Within a stream processing instance (=cluster), it is possible to create and run multiple stream processors (=stream processing pipelines) simultaneously.
A single stream processor (SP) is very similar to a MongoDB aggregation pipeline. It is described by an array of processing stages. However, there are some differences. The most basic SP can be created using only its data source (we'll have executable examples next).
1 // our array of stages 2 // source is defined earlier 3 sp_aggregation_pipeline = [source] 4 sp.createStreamProcessor("SP_NAME", sp_aggregation_pipeline, <OPTIONS>)
A more realistic stream processor would contain at least one aggregation stage, and there can be a large number of stages performing various operations to the incoming data stream. There's a generous limit of 16MB for the total processor size.

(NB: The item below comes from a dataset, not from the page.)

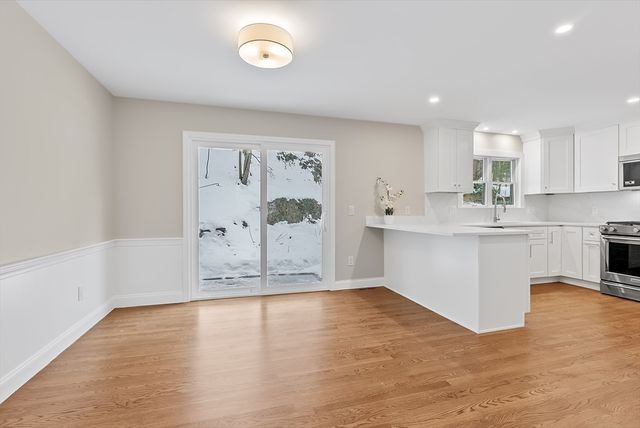 34 Pleasant Street 5, Wellesley, MA 02482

1 sp_aggregation_pipeline = [source, stage_1, stage_2...] 2 sp.createStreamProcessor("SP_NAME", sp_aggregation_pipeline, <OPTIONS>)
To increase the development loop velocity, there's an sp.process() function which starts an ephemeral stream processor that won't persist in your stream processing instance.
Let's create basic stream processors and build our way up. First, we need to have some data! Atlas Stream Processing supports several data sources for incoming streaming events. These sources include:
- Hard-coded data declaration in $source.
- Kafka streams.
- MongoDB Atlas databases.
For quick testing or self-contained examples, having a small set of hard-coded data is a very convenient way to produce events. We can declare an array of events. Here's an extremely simple example, and note that we'll make some tweaks later to cover different use cases.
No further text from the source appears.